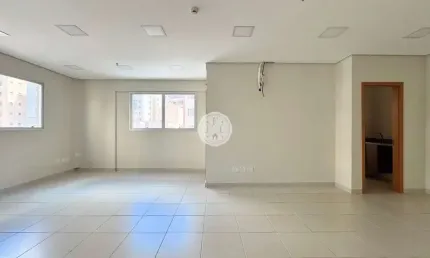 Sala comercial à venda no jardim botânico, ribeirão preto  por r$ 418.000
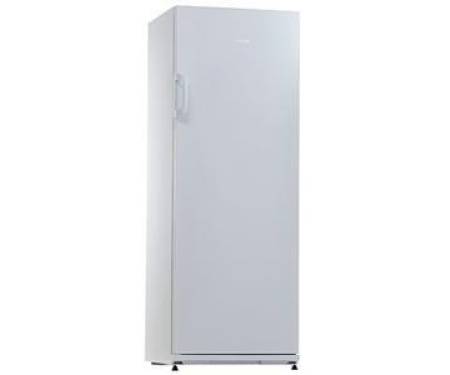 SNAIGE C31SM-T1002F
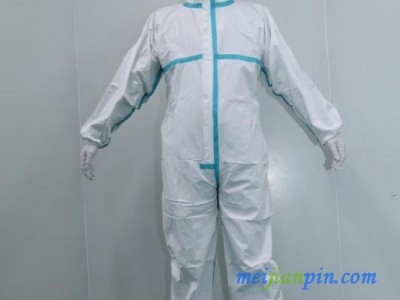 一次性医用防护服朱氏总部 朱氏药业防护服负责人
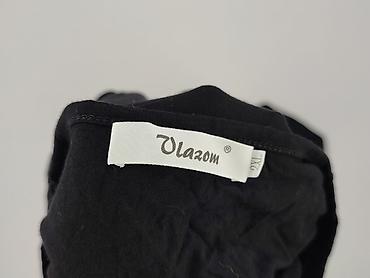 marvel kobiety: Sukienka damska, rozmiar 2XL — 5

- Exercise description
Pictures are to be left out, and each line from the one that contains "一次性医用防护服朱氏总部 朱氏药业防护服负责人" through the end of the listing is to be copied exactly.

- Solution
 一次性医用防护服朱氏总部 朱氏药业防护服负责人
 marvel kobiety: Sukienka damska, rozmiar 2XL — 5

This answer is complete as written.